Российский рынок ОФЗ в соотношении с ВВП небольшой, ликвидность различных выпусков достаточно низкая. Могу привести такой пример. После всех QE (количественных смягчений) доля госбумаг на балансе ФРС составляет примерно 20% от всего существующего госдолга США. А операции рефинансирования Банка России превосходят весь рынок российского госдолга. И поэтому мы не оперируем только на рынке ОФЗ, а используем их наравне с корпоративными облигациями как обеспечение при проведении операций по предоставлению ликвидности. То есть в нашем случае операции репо (покупка с обратной продажей) с ОФЗ – это один из инструментов для управления процентными ставками и достижения цели по инфляции. Но в связи со спецификой российского рынка его одного недостаточно для достижения указанных целей. И мы используем дополнительно и другие инструменты.

– Так может, начать процесс увеличения госдолга, тогда и рынок госбумаг будет большой?

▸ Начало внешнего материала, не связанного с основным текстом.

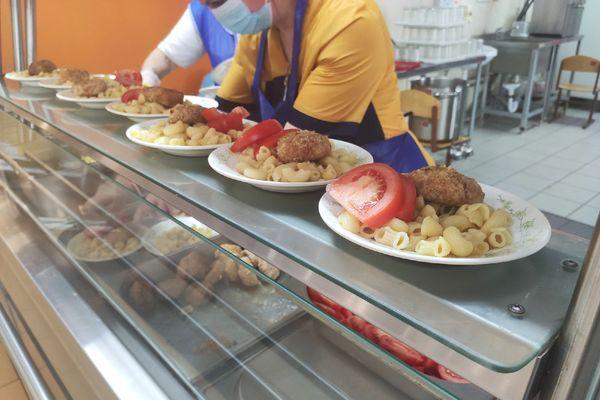 Качество питания проверили в школе №102 в Нижнем Новгороде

– Этот процесс идет, Минфин развивает рынок госдолга, в последнее время много сделал для формирования кривой доходности. Что касается бюджета, то здесь очень важно иметь понимание о его сбалансированности, а значит, и о кредитоспособности в среднесрочной перспективе. Это как раз то, что стремится делать Минфин: в краткосрочном периоде в связи с изменениями внешнеэкономической ситуации у нас дефицит, и его можно финансировать частично за счет резервного фонда, частично за счет увеличения госдолга, что и происходит. Но для того чтобы рынок госдолга эффективно развивался, инвесторы должны верить в то, что государственные долговые бумаги со временем не обесценятся, и поэтому должны понимать, как будет поддерживаться бюджетная стабильность и кредитоспособность государства. Невозможно развить нормальный долговой рынок без понимания рынком среднесрочных перспектив сбалансированности бюджета.

– Иначе будет «пирамида ГКО»: финансирование дефицита за счет нового дефицита и обесценивание гособязательств?

– Да, именно «пирамида ГКО»: рынок будет требовать все большую процентную ставку, понимая, что риски все больше, либо же будет происходить монетизация долга, которая сразу же будет выливаться в инфляцию.